I think the last time I felt this way was sometime during college when I stayed up all night for no good reason. At that time I believe I was reading Brave New World and just couldn’t put it down. Next thing I knew, the sun was coming up and I just stayed awake, greeting the day with a smile.
This go around, I was in and out of sleep all night for a pretty good reason. It’s definitely a brave new world I’m living in, one of tiny waving fists and inability to feed on one side at times…seriously, who knew this kid would prefer my right boob to my left…I’ve never seen a man so unwilling to take a breast to the mouth ;). Now that the sun is up, I’m actually feeling more human, but I think that’s because Alva knows that now is when he’ll sleep. He seems to like noise. Go figure, he is my kid…I don’t like to fall asleep in silence either and being so new to this world I’m sure that it’s all very confusing and overwhelming. Well, I’d say that sentiment goes for all of us here in the Dudley household.

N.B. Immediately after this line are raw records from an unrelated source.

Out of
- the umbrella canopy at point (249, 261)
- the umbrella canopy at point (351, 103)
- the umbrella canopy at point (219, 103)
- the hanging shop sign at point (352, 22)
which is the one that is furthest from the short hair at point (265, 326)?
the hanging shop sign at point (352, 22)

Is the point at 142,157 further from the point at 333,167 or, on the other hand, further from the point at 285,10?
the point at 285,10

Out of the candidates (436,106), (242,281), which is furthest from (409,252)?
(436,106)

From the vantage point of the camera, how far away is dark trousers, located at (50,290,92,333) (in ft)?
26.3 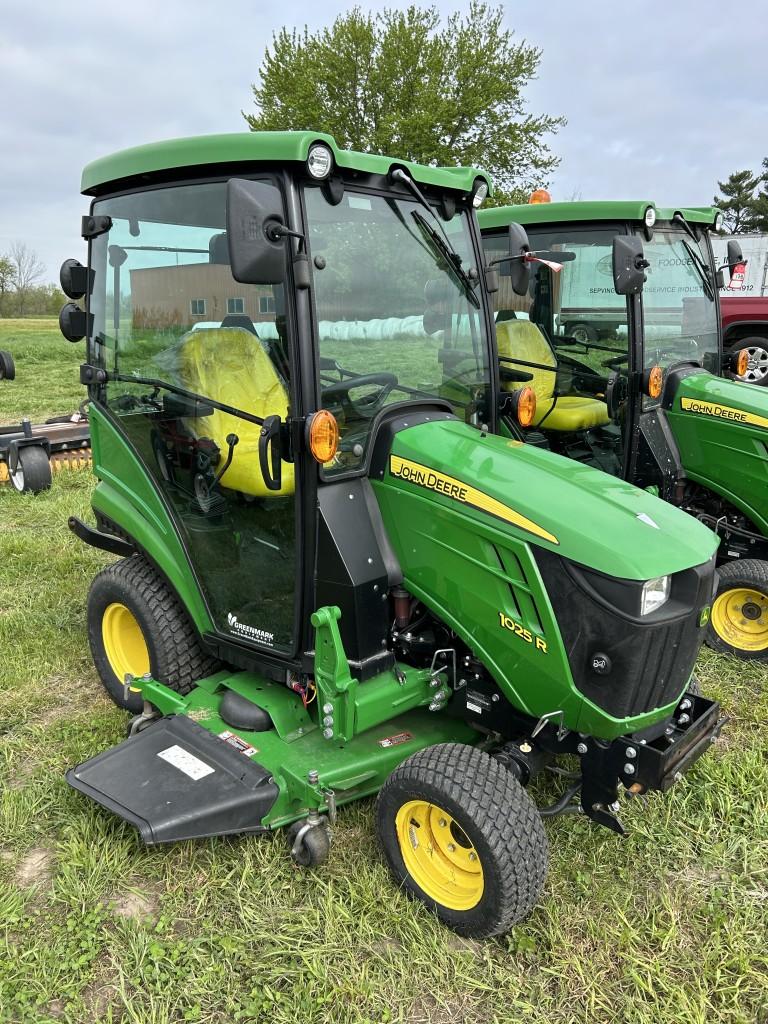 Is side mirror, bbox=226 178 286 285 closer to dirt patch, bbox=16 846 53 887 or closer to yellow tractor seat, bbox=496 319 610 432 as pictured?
dirt patch, bbox=16 846 53 887

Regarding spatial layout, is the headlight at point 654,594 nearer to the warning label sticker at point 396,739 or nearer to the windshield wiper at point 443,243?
the warning label sticker at point 396,739

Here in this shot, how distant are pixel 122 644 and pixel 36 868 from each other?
46.5 inches

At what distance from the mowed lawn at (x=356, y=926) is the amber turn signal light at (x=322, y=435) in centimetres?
139

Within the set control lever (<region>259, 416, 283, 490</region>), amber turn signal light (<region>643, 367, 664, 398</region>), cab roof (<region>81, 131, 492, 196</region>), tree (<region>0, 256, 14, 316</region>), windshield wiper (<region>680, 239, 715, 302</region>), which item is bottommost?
control lever (<region>259, 416, 283, 490</region>)

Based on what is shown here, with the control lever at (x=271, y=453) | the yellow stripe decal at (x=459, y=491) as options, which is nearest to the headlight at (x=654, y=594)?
the yellow stripe decal at (x=459, y=491)

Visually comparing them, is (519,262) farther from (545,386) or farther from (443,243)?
(545,386)

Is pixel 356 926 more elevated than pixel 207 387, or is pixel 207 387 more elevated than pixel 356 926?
pixel 207 387

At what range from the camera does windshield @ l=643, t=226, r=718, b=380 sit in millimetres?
4707

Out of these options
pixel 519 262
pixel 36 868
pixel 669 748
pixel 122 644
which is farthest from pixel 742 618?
pixel 36 868

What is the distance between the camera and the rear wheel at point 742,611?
422 centimetres

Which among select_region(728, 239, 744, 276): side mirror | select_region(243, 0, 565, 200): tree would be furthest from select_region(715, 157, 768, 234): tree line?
select_region(728, 239, 744, 276): side mirror

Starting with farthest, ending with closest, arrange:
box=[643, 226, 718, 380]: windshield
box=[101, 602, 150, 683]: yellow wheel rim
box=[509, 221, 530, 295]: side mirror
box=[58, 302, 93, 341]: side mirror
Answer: box=[643, 226, 718, 380]: windshield
box=[101, 602, 150, 683]: yellow wheel rim
box=[58, 302, 93, 341]: side mirror
box=[509, 221, 530, 295]: side mirror

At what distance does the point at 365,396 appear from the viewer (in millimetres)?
2740

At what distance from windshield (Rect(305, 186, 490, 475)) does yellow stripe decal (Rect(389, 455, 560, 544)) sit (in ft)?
0.55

Confused, overwhelmed and in need of sleep.
Breakfast beckons from the other room. It’s nice having family around to help take care of me while I’m busy taking care of him. Being able to pop this breakfast casserole in the oven an hour ago and knowing I’d have a satisfying breakfast that I didn’t have to work for was comforting this morning. Now if only I could make my body heal faster so I would be better equipped for all that is being thrown at me. Soon enough, I suppose. Soon enough.